→ **Task statement**:
From the listing below, copy only the lines running from the line that contains "还花呗的两种方式，我们该如何选择？哪个更划算？" to the line that contains "HEAT SHRINK TUBE", both included.
**** Raw data
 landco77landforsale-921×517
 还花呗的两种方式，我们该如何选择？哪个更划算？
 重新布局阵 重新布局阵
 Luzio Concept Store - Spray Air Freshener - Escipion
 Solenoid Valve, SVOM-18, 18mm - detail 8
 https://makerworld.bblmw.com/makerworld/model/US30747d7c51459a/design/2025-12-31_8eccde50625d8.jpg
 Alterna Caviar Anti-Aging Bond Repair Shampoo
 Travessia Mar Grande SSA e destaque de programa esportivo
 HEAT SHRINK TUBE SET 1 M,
********
**** Raw data
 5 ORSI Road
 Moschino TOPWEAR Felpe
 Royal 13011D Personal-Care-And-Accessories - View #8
********
→ **Task answer**:
 还花呗的两种方式，我们该如何选择？哪个更划算？
 重新布局阵 重新布局阵
 Luzio Concept Store - Spray Air Freshener - Escipion
 Solenoid Valve, SVOM-18, 18mm - detail 8
 https://makerworld.bblmw.com/makerworld/model/US30747d7c51459a/design/2025-12-31_8eccde50625d8.jpg
 Alterna Caviar Anti-Aging Bond Repair Shampoo
 Travessia Mar Grande SSA e destaque de programa esportivo
 HEAT SHRINK TUBE SET 1 M,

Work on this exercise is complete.